Without maps there are no roads, no signposts, no safe travel, no law, no lawful government and trade of only the most primitive and localised variety. Without maps, travellers get lost and eaten. Here be dragons. An uncharted land can expect governance only by raiding parties exacting tribute; it cannot expect the delivery of measured and daily authority and an assured and lasting peace.
Mapmakers are artists and surveyors and archaeologists and sociologists and explorers: they have to measure and draw and sit in hostels at night talking to people to find out what is what and what is where. Mapmakers are wonderful; and I doubt very much if there are more wonderful mapmakers anywhere than the people who have made the Discovery Series.
A thing of beauty
For these are simply works of great art, as much to be browsed over on a winter's evening as to be pored over upside down and half folded over the steering wheel during a summer's holiday. For a great map is not just a tool but an informative thing of great beauty, visually delightful, yet speaking to those who consult it of lost civilisations and forgotten ways, of battles fought and bodies buried, of conquest and of conversion.
And such names there are on our landscape. Beside Lough Ennell (Loch Ainninn) there is a townland called Tallyho, and not far away is Castlelost; and near those townlands are bitoponymic locations which perhaps suggests two competing tribes, such as one finds where Prussian meets Pole - Bellfield or Brannockstown, Claremount or Cummingstown, Morerow or Tonlagee, Anneville or Rathduff, Commeenlonagh or Aghanamanagh. And how did the mapmakers discover these obscure places with their obscure names known only by a few score local people? Is that not in itself a wonder?
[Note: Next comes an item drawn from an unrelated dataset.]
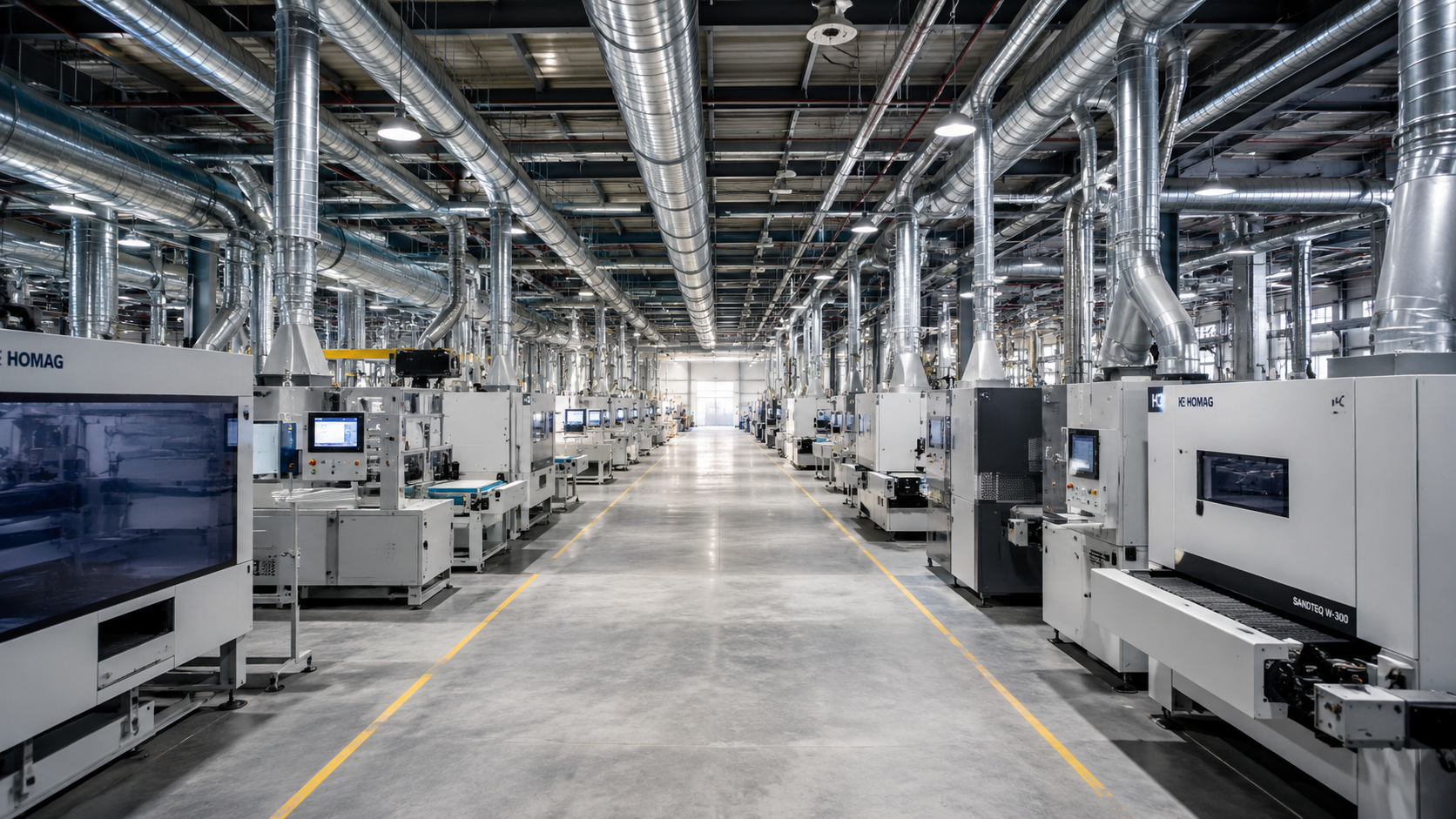 Modern solid wood panel production facility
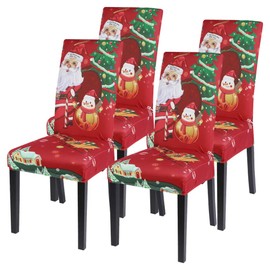 SearchI 4/6 Pieces Christmas Chair Covers Stretch Christmas Chair Cover Universal Festive Chair Cover Modern Xmas Chair Cover Dining Room Parties Banquet Protector (Father Christmas, 4 Pieces)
Each place has a history, and even the dreariest bog has a secret to reveal; let your finger traverse the featureless marshlands south of Rochfortbridge (Droichead Chaislean Loiste) and the names speak of lost Oaklands, Derryarkin, Derryiron, Derrycoffey, Derrgreenagh, all of which were so distinct that they merited separate names: and then glory be, an effusion of rubric Mound, Holy Well, Graveyard, Standing Stone, Graveyard, Barrow, Deserted Settlement, Fortified House, and not far away an entire necropolis of barrows: what energy must once have gone into that culture of death. And there it is, beneath your finger, the residue of an entire world, a civilisation as complex as Babylon's, and now as vanished, yet present to this day on the humble Offaly flatlands north east of Daingean, and discoverable only on a map.
Superb present
The Discovery Series sell at about £4.50 each, and they are wonderful value: a complete set would make a superb if slightly extravagant present. However, it does say something about the marketing skills of the Ordnance Survey Office that it gives no discount whatsoever on a bulk purchase of the entire set. Discount is given solely on the bulk purchase of copies of each individual maps, and that of course is of interest only to retailers. Much as I love maps, I am unlikely to want dozens of the same one.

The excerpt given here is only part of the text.